Bad Solution: Direct Database Writes and Proximity Queries
Approach
The bad approach is what we briefly describe above, and what we have coming out of our high-level design. This approach involves directly writing each driver's location update to the database as it comes in, and performing proximity searches on this raw data. It's considered a bad approach because it doesn't scale well with the high volume of updates from millions of drivers, and it makes proximity searches inefficient and slow. This method would likely lead to system overload, high latency, and poor user experience, making it unsuitable for a large-scale ride-sharing application like this.
Good Solution: Batch Processing and Specialized Geospatial Database
Approach
Instead of writing each driver location update directly to the database, updates are aggregated over a short interval and then batch-processed. This reduces the number of write operations. For proximity searches, a specialized geospatial database with appropriate indexing is used to efficiently query nearby drivers.
Batch processing is a common technique for reducing the number of write operations to a database. It involves collecting data over a predefined time interval and then writing it to the database in a single batch operation. This can significantly reduce the number of write transactions, which can help in improving write throughput and reducing lock contention.
For proximity searches, a specialized geospatial database with appropriate indexing is used to efficiently query nearby drivers. Geospatial databases use specialized data structures, such as quad-trees, to index driver locations, allowing for faster execution of proximity searches.

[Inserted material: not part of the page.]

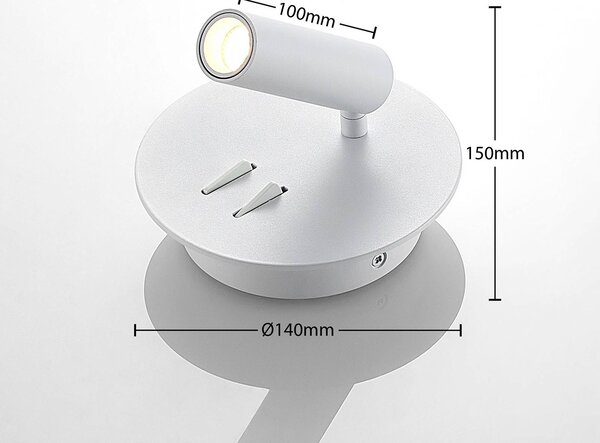 Lucande LED fali lámpa Magya, fehér 2 lámpás. kerek, Fehér / opál, Nappali / Étkező, Alumínium, Modern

Quad-trees are particularly well-suited for two-dimensional spatial data like geographic coordinates, as they partition the space into quadrants recursively, which can significantly speed up the process of finding all drivers within a certain area around a ride request.
If we were to go with PostgreSQL, it actually support a plugin called PostGIS that allows us to use geospatial data types and functions without needing an additional database.
Challenges
The interval between batch writes introduces a delay, which means the location data in the database may not reflect the drivers' most current positions. This can lead to suboptimal driver matches.

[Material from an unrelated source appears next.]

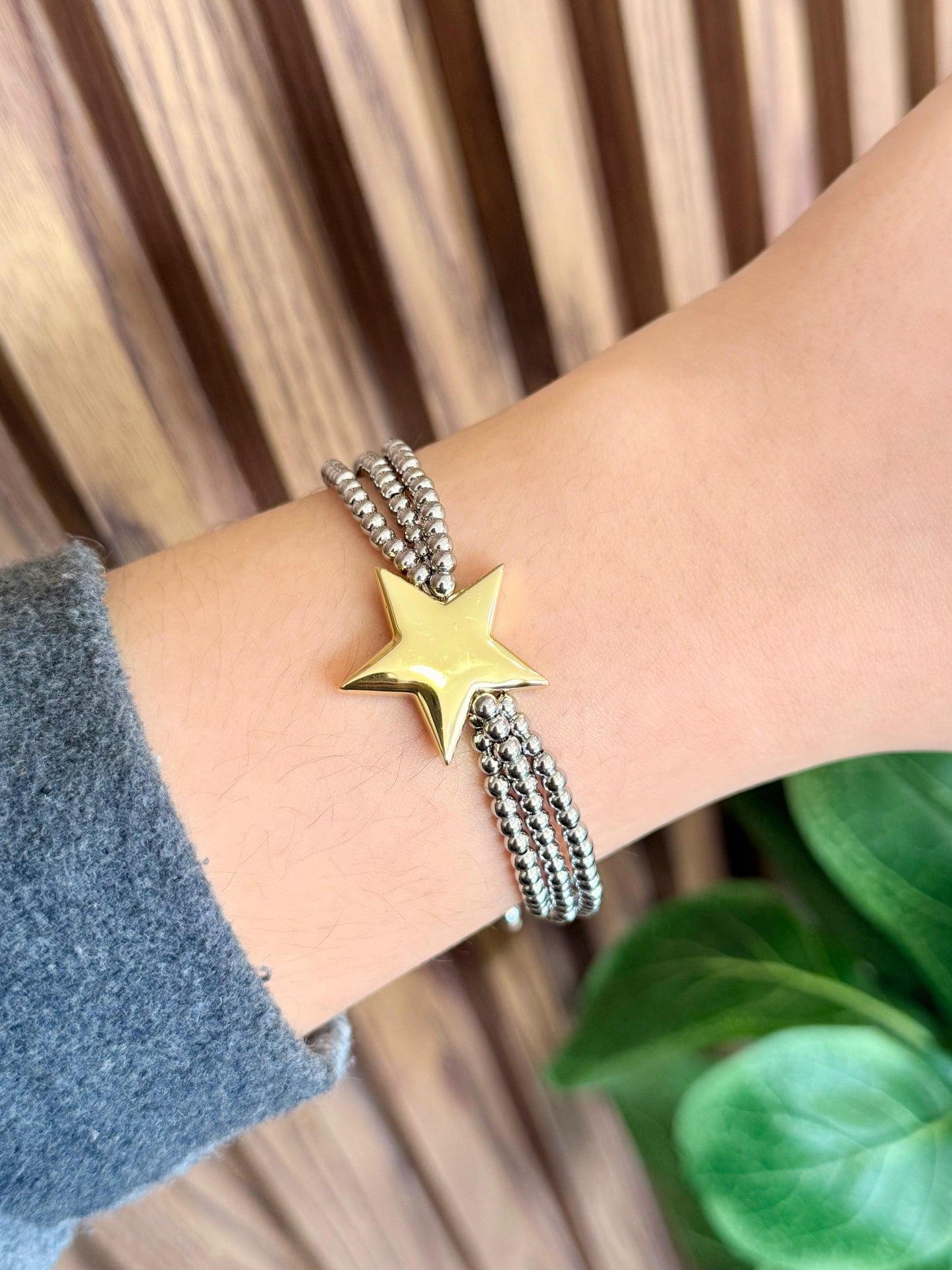 Pulsera bolitas bicolor estrella #K19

Great Solution: Real-Time In-Memory Geospatial Data Store
Approach
We can address all the limitation of the previous solutions by using an in-memory data store like Redis, which supports geospatial data types and commands. This allows us to handle real-time driver location updates and proximity searches with high throughput and low latency while minimizing storage costs with automatic data expiration.

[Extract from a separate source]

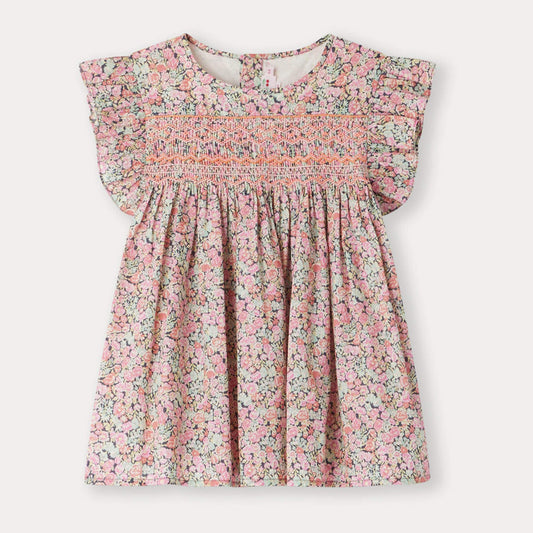 女童粉色碎花棉上衣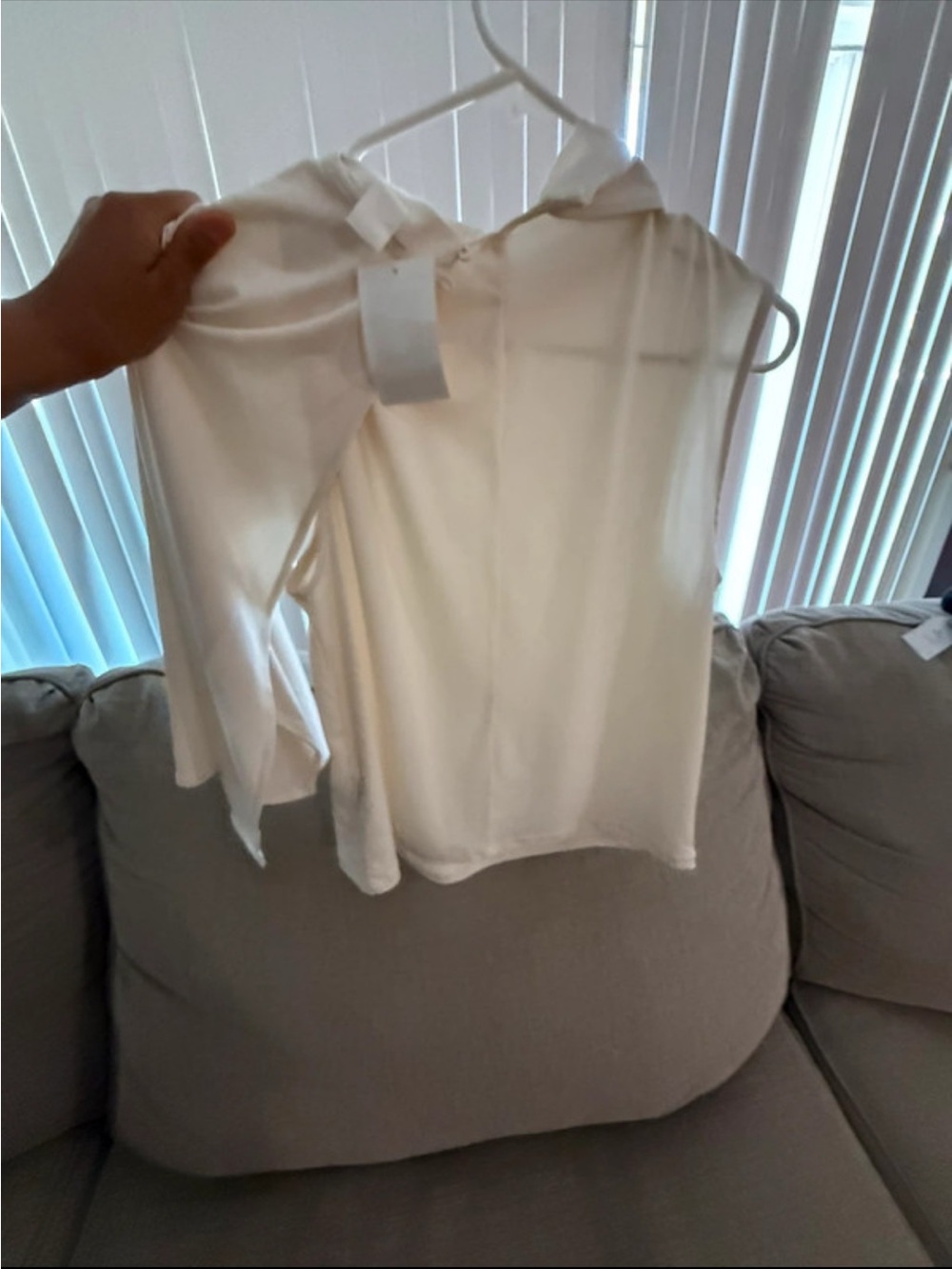 H&M Cream Sleeveless Hooded Blouse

Redis is an in-memory data store that supports geospatial data types and commands. It uses geohashing to encode latitude and longitude coordinates into a single string key, which is then indexed using a sorted set. This allows for efficient storage and querying of geospatial data.
Redis provides geospatial commands like GEOADD for adding location data and GEOSEARCH for querying nearby locations within a given radius or bounding box. These commands are highly optimized for geospatial data and can be used to efficiently handle real-time driver location updates and proximity searches. The GEOSEARCH command, introduced in Redis 6.2, replaces and enhances the functionality of the older GEORADIUS and GEORADIUSBYMEMBER commands, offering more flexibility and performance improvements.
We no longer have a need for batch processing since Redis can handle the high volume of location updates in real-time. Additionally, Redis automatically expires data based on a specified time-to-live (TTL), which allows us to retain only the most recent location updates and avoid unnecessary storage costs.
Challenges
The main challenge with this approach would be durability. Since Redis is an in-memory data store, there's a risk of data loss in case of a system crash or power failure. However, this risk can be mitigated in a few ways:
Redis persistence: We could enable Redis persistence mechanisms like RDB (Redis Database) or AOF (Append-Only File) to periodically save the in-memory data to disk.
Redis Sentinel: We could use Redis Sentinel for high availability. Sentinel provides automatic failover if the master node goes down, ensuring that a replica is promoted to master.
Even if we experience data loss due to a system failure, the impact would be minimal. Since driver location updates come in every 5 seconds, we would only need that long to recover and rebuild the state of our system. This quick recovery time ensures that our system remains robust and reliable, even in the face of potential failures.
Redis for Locations
2) How can we manage system overload from frequent driver location updates while ensuring location accuracy?
High-frequency location updates from drivers can lead to system overload, straining server resources and network bandwidth. This overload risks slowing down the system, leading to delayed location updates and potentially impacting user experience. In most candidates original design, they have drivers ping a new location every 5 seconds or so. This follow up question is designed to see if they can intelligently reduce the number of pings while maintaining accuracy.
Great Solution: Adaptive Location Update Intervals
Approach
We can address this issue by implementing adaptive location update intervals, which dynamically adjust the frequency of location updates based on contextual factors such as speed, direction of travel, proximity to pending ride requests, and driver status. This allows us to reduce the number of location updates while maintaining accuracy.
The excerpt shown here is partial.